Georgia Bulletin

The Newspaper of the Catholic Archdiocese of Atlanta

Image for blog post Oct. 16

When my history of 2020 is written, this is what I want to hold on to

By ANDREW NELSON, Staff Writer | Published October 16, 2020

It was the first day of school again.

Set alarms. Curse the dark morning. Gently nudge a third-grader up and then a few minutes later flip on the light switch mercilessly.

My daughter rolled her chair to the desk to start school in the living room eight weeks ago. Tuesday, she returned to the classroom.

There were days of frustration with in-home learning. The Chromebook without warning shut off its wifi. A youngster doesn’t always keep tabs on homework. Who knew!? But after trial and error, we developed a reasonably good flow as I acted as a sweeper checking no tasks got left behind. I saw how teachers have done yeoman’s work, juggling learners in front of them and those appearing as squares on their computer screens.

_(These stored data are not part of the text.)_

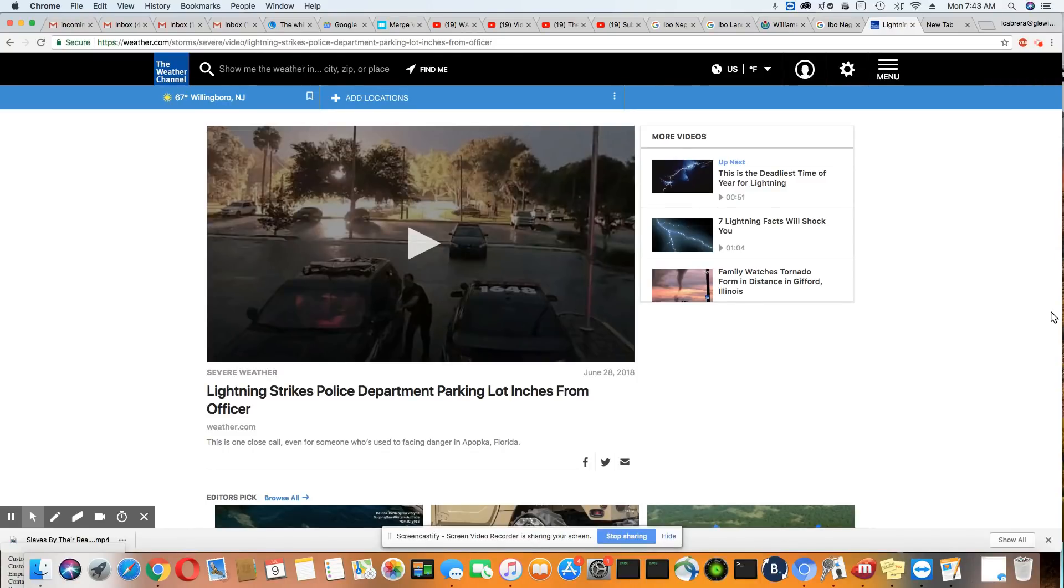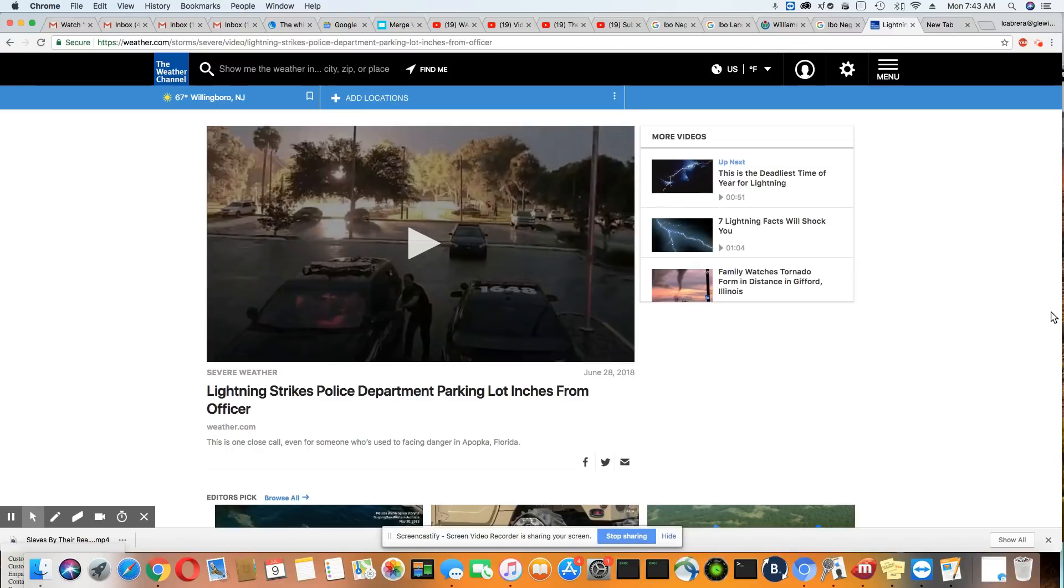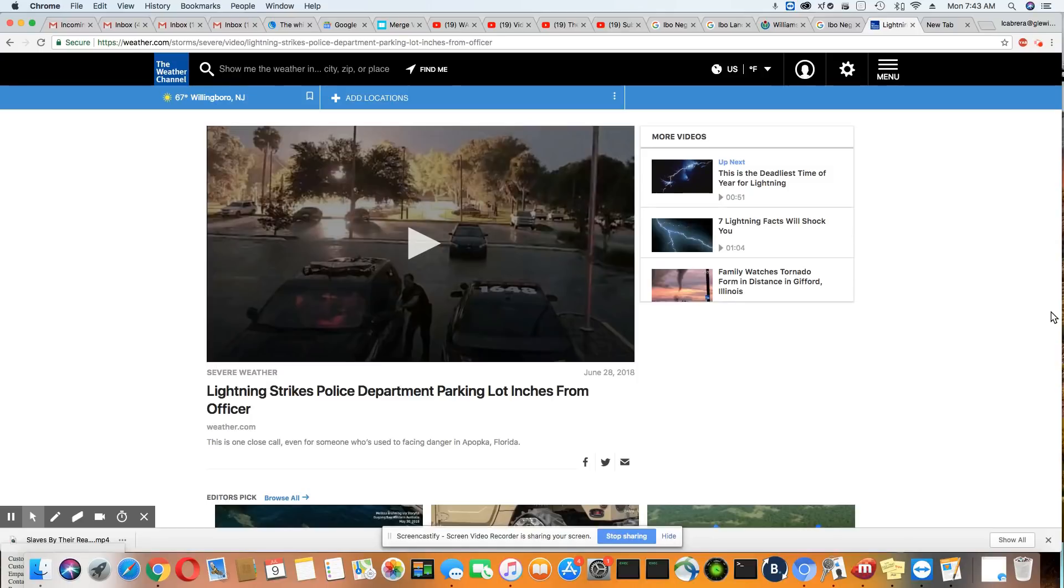This one comes out of Florida. They've had some pretty severe storms, and it's in a place called Apocca, Florida. This cop attempts to get out of his car and lightning strikes just inches away from where he is.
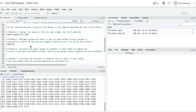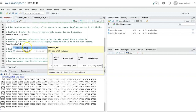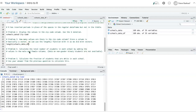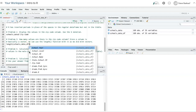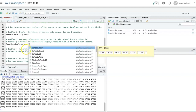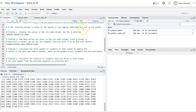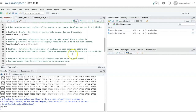Since a column in a data frame is essentially a vector, we can just insert schools data frame dollar sign zip code, and it tells us there are 169 items in that column.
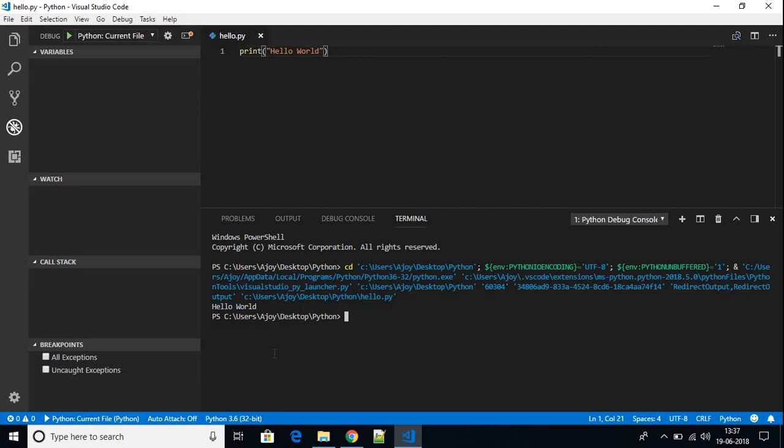This way you can set up Python in your Visual Studio Code. I hope this video was helpful to you. Thanks for watching — that's it for this video. If you liked this video, don't forget to hit the Like button and subscribe to the channel for more programming videos. Bye for now, see you in the next video.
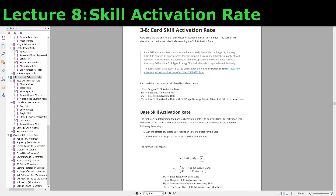The next variable is the base skill activation rate, and this is the result of adding the original skill activation rate to all of the base skill activation rate modifiers that might be present. Variable number three is the live skill activation rate, and just like the base skill activation rate, this is the sum of all live skill activation rate modifiers. You might be wondering what the difference is between a base modifier and a live modifier — this is a concept you'll have to understand for a lot of the mathematics going forward.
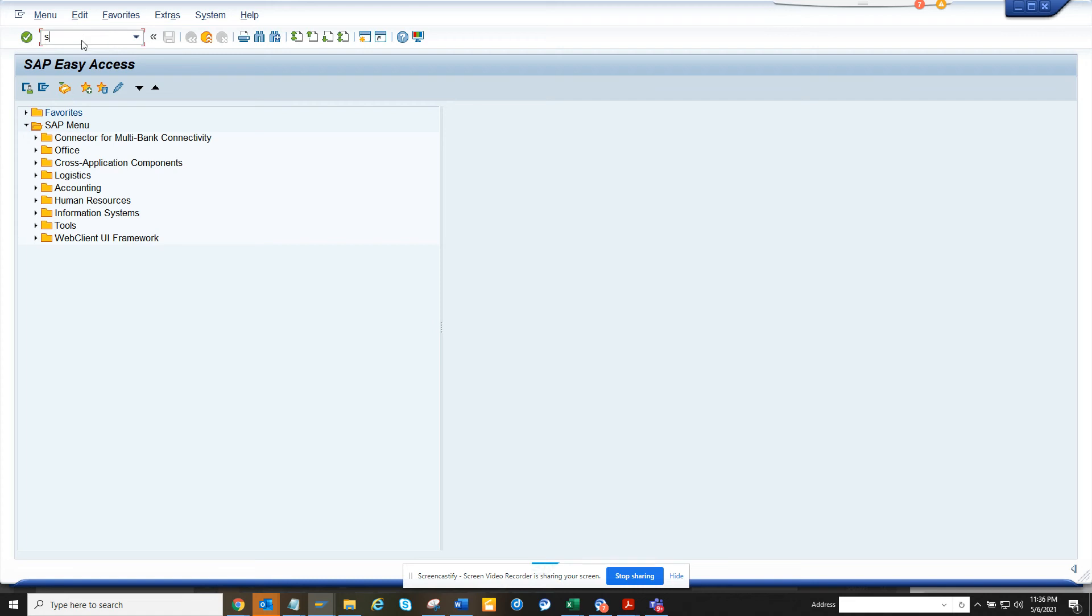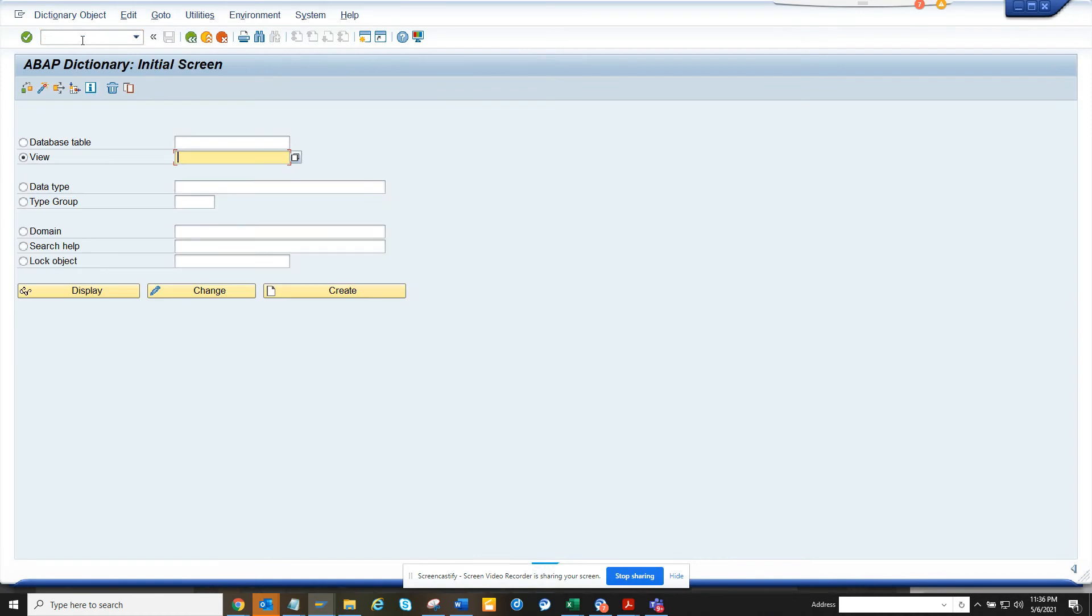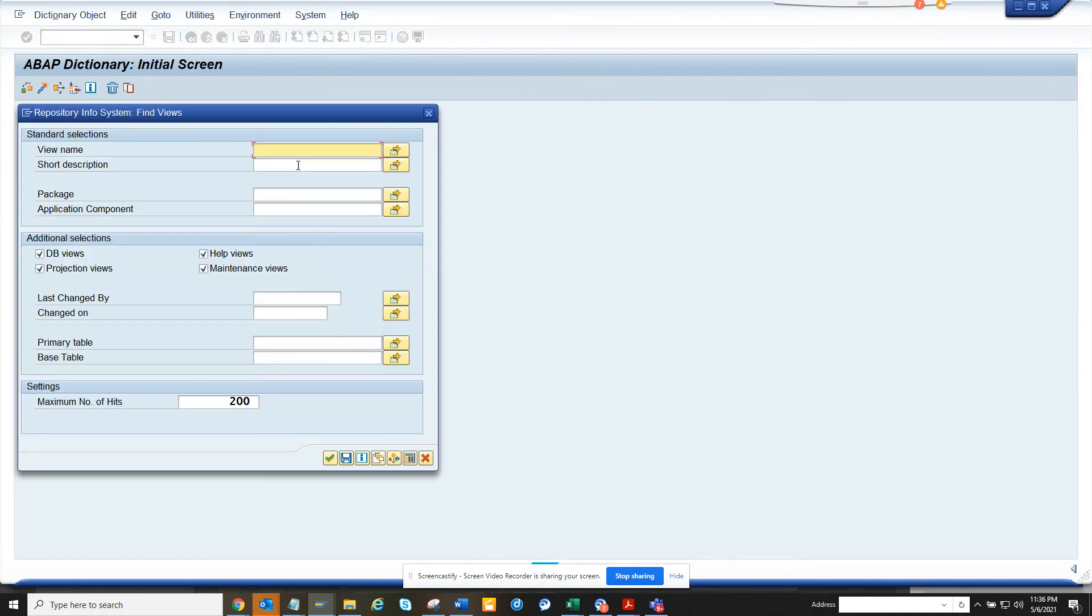Hi friends, now we're going to talk about how we can find a view based on some table. So I go to S11, and here suppose I want to find views. You can see sometimes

From spring flowers to changing leaves

What I will miss the most is our lunch custom. I was privileged during this time to use her lunch to stroll the neighborhood. With our dog in tow, we’d pass the maple tree, turn toward the Fulton County high school – now quiet without students – then make our way past a wall painted with a Black Lives Matter sign before on our return walk down a street dotted with dogwood trees.

The conversations touched on the hugely popular Roblox game, where she uses fashion accessories like hats and sleeves as fun conversation pieces and meets friends unless I threw her a curveball and set up a series of “Would You Rather?” questions. The chats would not be impressive – or of any interest – to anyone else, but I note their absence.

When my history of 2020 is written, I want to hold on to those 25 minutes of getting fresh air. Those walks marked our time together, from admiring spring flowers and bemoaning the heat and humidity to the first change of leaves to red and golden.